Problem requirements:
Repeat the listing word for word, but skip any pictures.

Information supplied:
----

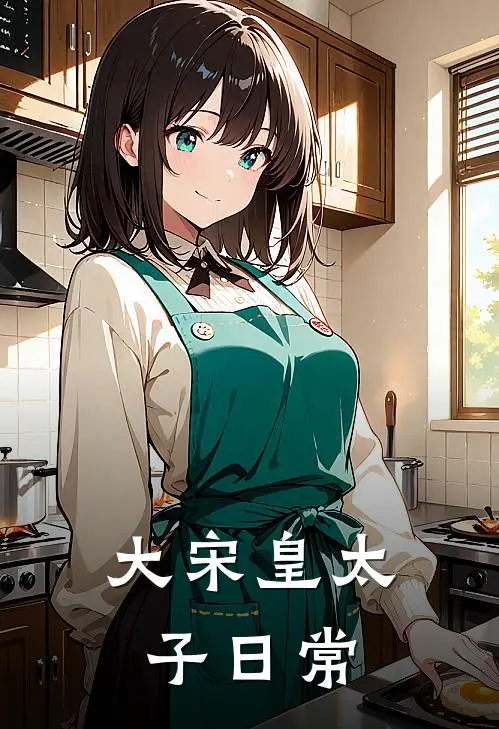 大宋皇太子日常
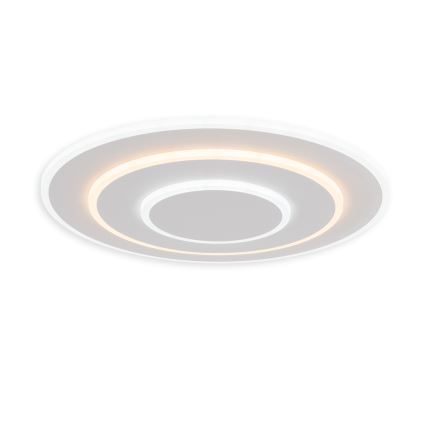 Brilagi - LED Stmívatelné stropní svítidlo MODERN LED/58W/230V 2700-6500K pr. 46,3 cm + dálkové ovládání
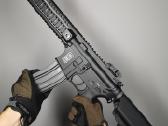 Airsoft Ginklai, Taktinė Ekipuotė - softarms.store - nuotraukos Nr. 13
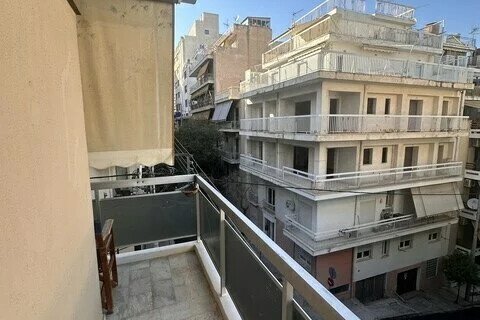 2 dormitorios Apartment en Piraeus, Greece No. 54287 1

----

Output below:
 大宋皇太子日常
 Brilagi - LED Stmívatelné stropní svítidlo MODERN LED/58W/230V 2700-6500K pr. 46,3 cm + dálkové ovládání
 Airsoft Ginklai, Taktinė Ekipuotė - softarms.store - nuotraukos Nr. 13
 2 dormitorios Apartment en Piraeus, Greece No. 54287 1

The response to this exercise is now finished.